We successfully completed the GCP migration, the Summit is behind us, and 2018Q3 is almost over. It is now time to
turn our attention to Q4, and while we are still working out OKR specifics, our primary and overriding focus for
Q4 will continue to be GitLab.com’s availability, and more specifically, observable availability. There are
two aspects to availability:
protecting uptime, and
protecting user data.
Making it observable entails measuring and evaluating availability against clearly specified objectives (SLXs)
that take into account error budgets.
When determining priorities, we must answer the question of whether the task at hand contributes to availability
along those two axes: if it does, we move forward; if it does not, it is likely safe to skip; if in doubt, we simply
ask. Efficiency, speed and cost optimizations are, at this stage, secondary goals. Maintaining high and stable
levels of measurable availability is, and will always be, one of our most critical OKRs. As our automation matures,
we will be able to increase our speed and optimize the environment.
Infrastructure's objective is to make GitLab.com ready for mission-critical workloads. In order to achieve this
goal, each team in Infrastructure has a charter to pursue this objective from different angles. SAE's goal is to
return GitLab.com to its nominal operating state when an incident takes place, whereas SRE's goal is to ensure
GitLab.com remains in its nominal operating state. In other words, SAE minimizes GitLab.com's MTTR and SRE maximizes
Infrastructure's OKRs are crafted along these lines of thought.
Achieving ours goals requires a high-performance team that adheres to GitLab's values.
We are not simply runnig GitLab.com: we are also building a team we love to work with. As Reed Hastings eloquently
put it, we want to create a team where
"Oh, I’d want to come to work every day and solve these problems with these people".
There are three cultural aspects to focus on as we continue to develop and polish the team:
Focus on observable availability at every turn and watch each other's back. Read and embrace Richard Cook’s
How Complex Systems Fail and
apply its principles to GitLab.com’s care and feeding.
Create pre-flight checks by defining conditions that must be met to initiate a change
Define the change’s success in a measurable way so that it can be properly evaluated
Execute post-change verification to validate the change was successful
Develop a rollback strategy, if applicable, and define when to invoke it
Problem solving through more disciplined engineering practices.
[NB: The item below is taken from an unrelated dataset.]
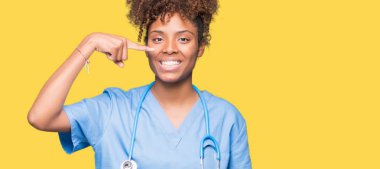 Genç Afro-Amerikan doktor kadın izole arka plan işaretçi el parmak yüz ve burun, neşeli gülümseyen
In particular, for complex and significant
ideas or problems, document proposed designs, collecting final decisions (an item of particular significance on
issues that generate sizeable discussions).
We changed the department’s structure in Q3 to be more heterogeneous in the teams’ functional composition by
including DBREs and SREs side by side in each team. We need to continue to move towards an inclusive
Infrastructure-centric mentality and eliminate SRE-centric nomenclature where appropriate (i.e., #sre-lounge =>
Our workload should be managed in a fairly predictable fashion. A minimum of 60% of our work should be known,
scheduled work. This work is defined as work that:
Has been evaluated against our priorities and focus (i.e., OKRs)
Has been properly designed and scoped, and productively discussed, resulting in issues that provide clearly defined implementation guidance and acceptance criteria for success.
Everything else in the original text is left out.